At the last moment, Netanyahu announced that he was sick, and the meeting was canceled. I imagine that Netanyahu was not very sorry about this. What did he need it for? In any case the Israeli government is already getting from Germany anything it wants.

A German journalist asked me about the reaction in Israel to the visit of the new German foreign minister, Guido Westerwelle. I had to disappoint him: most Israelis did not even hear about it. Another dignitary laying flowers in Yad Vashem. Another traffic jam in Jerusalem.

As so often happens, there is no equality in this marriage. The German bride loves the Israeli groom much more than he loves her.

FROM TIME to time, the relationship between Germany and Israel needs a review.

The Germans do not forget the Holocaust. They are steeped in this subject all the time. It appears on TV programs, cultural discourse and art.

That is as it should be. This monstrous crime must not be allowed to slip from memory. Young Germans must ask themselves again and again how it came about that their grandfathers and grandmothers were accessories to this enormous deed – those who took part in it, those who agreed silently and those who were silent out of fear or indifference.

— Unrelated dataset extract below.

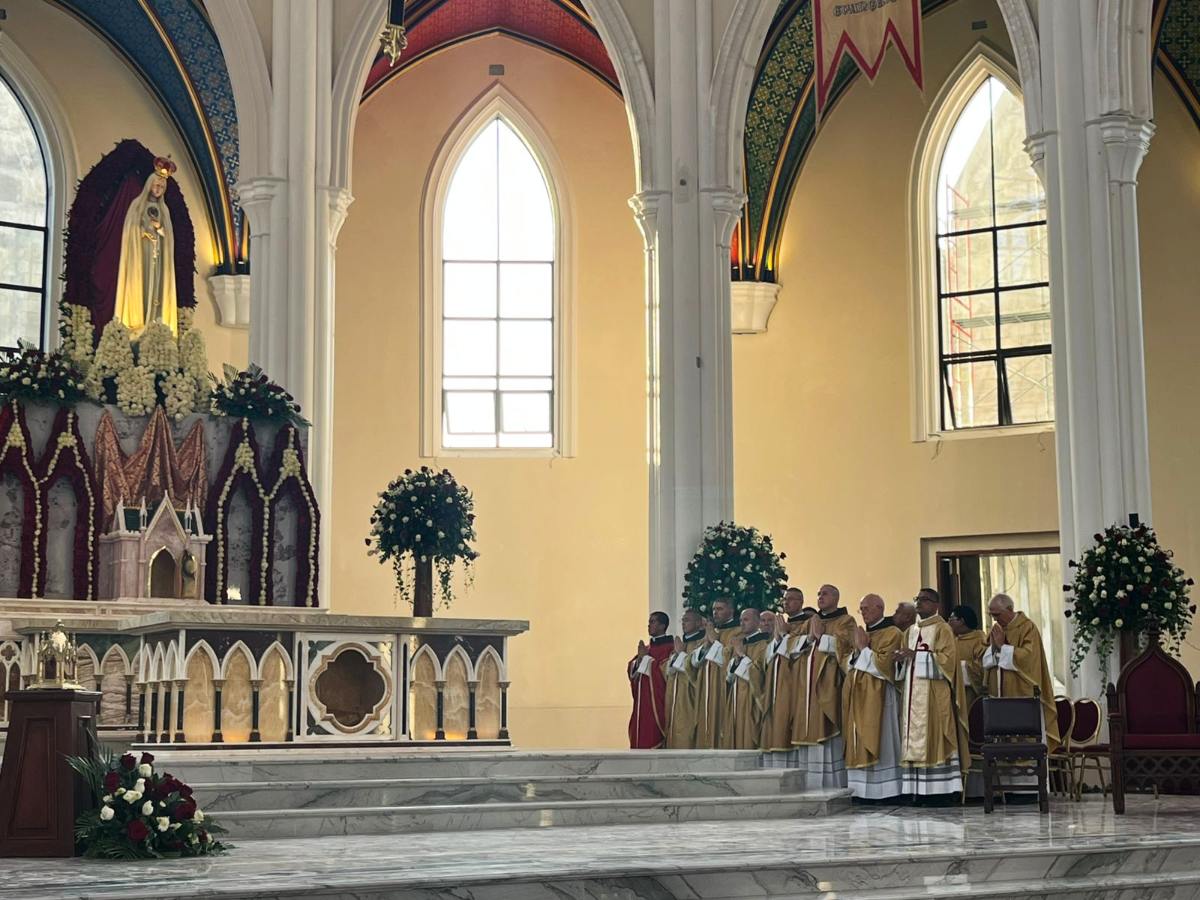 Iglesia de la Virgen de Fátima celebró solemne misa de dedicación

The German government – the present one like all its predecessors – draws from the Holocaust an unequivocal conclusion: Israel, the “state of the victims”, must be pampered. All its actions must be supported without reservation. Not a single word of criticism must be allowed.

When the new German republic was founded, this was a calculated policy. The terrible war, which had been imposed on humanity by Adolf Hitler, had just come to an end. The Nazi crimes were fresh in the memory of mankind. Germany was a pariah nation. Konrad Adenauer decided that massive support for Israel (in addition to the indemnities paid to the individual victims) would open the doors to the world.

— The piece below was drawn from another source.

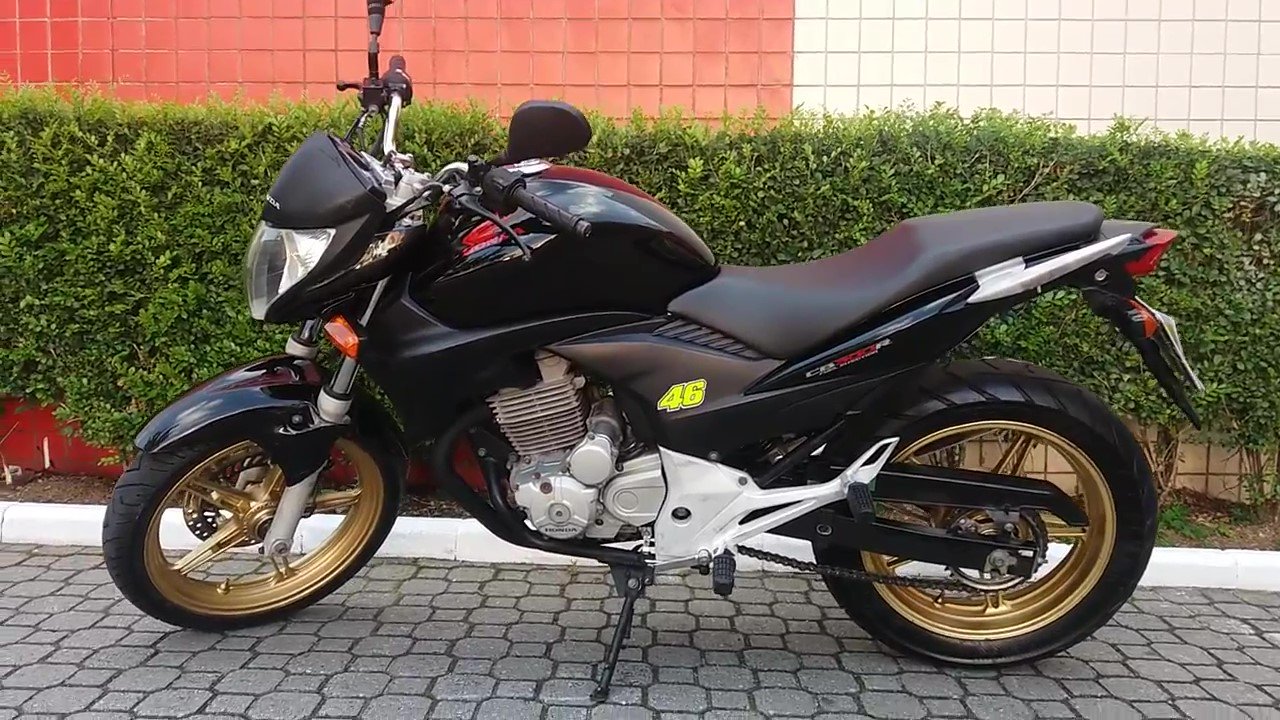 HONDA CB 300 2010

He found a loyal partner in his Israeli colleague. David Ben-Gurion believed that the consolidation of the State of Israel was more important than the memories of the past. He provided the “Other Germany” with an Israeli kosher certificate, in return for massive German aid to Israel.

Since then, much water has flown down the Rhine and the Jordan. The time has come to ask some questions.

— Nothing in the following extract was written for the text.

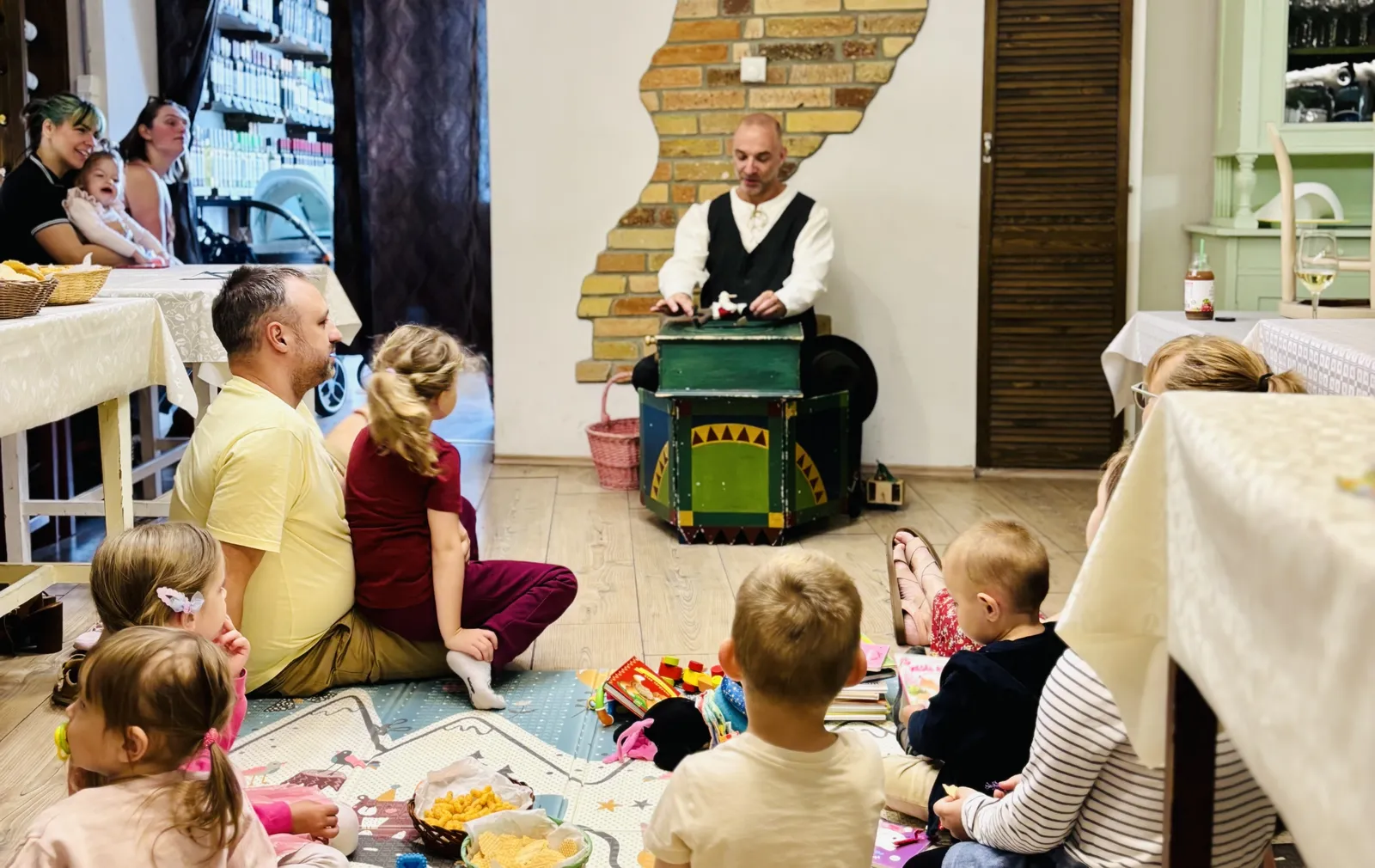 Családi délelőtt mesével, gyümölcslével és egy pohár borral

QUESTION 1: While the German friendship with us is a moral imperative, does it have to include support for immoral actions?

I have heard more than once the argument: “After the terrible things done by the German people to the Jews, we Germans have no right to criticize the Jewish State. The descendents of the perpetrators cannot criticize the descendents of the victims!”

I have said it before: there is something in these sentences that disturbs me very much. Somehow they remind me of the German word Sonderbehandlung (“special treatment”), which has terrible associations. In the concentration camps, it was the code-word for execution.

The attitude of the German government towards Israel is a Sonderbehandlung. It, too, says: the Jews are something special. The “Jewish State” must be treated differently than all other states. That is to say, the Jews are different from all other peoples, their state is different from all other states, their morals are different from those of others.

A German audience was very amused when I recently told them about a demonstration of communists in New York. The police came and started to beat them up. Somebody shouted: “Don’t hit me! I am an anti-Communist!” To which the policeman replied: “I don’t care what kind of a communist you are!” Extreme philo-Semites remind me of extreme anti-Semites. One wonders whether somebody who is capable of one sort of special treatment is also capable of the other sort.

Special treatment? Thanks, but no thanks. That was not our intention when we founded this state. We wanted to be a state like all other states, a nation like all other nations.

QUESTION 2: What does friendship really mean?

When your friend is drunk and insists on driving his car – should he be encouraged? Is that the expression of true friendship? Or does friendship oblige you to tell him: Listen, you are smashed, lie down until you sober up?

Intelligent Germans know that our present policy is disastrous for Israel and the entire world. It leads towards permanent war, the empowering of radical fundamentalist Islam throughout the region, the isolation of Israel in the world and an occupation-state in which the Jews will become an oppressing minority.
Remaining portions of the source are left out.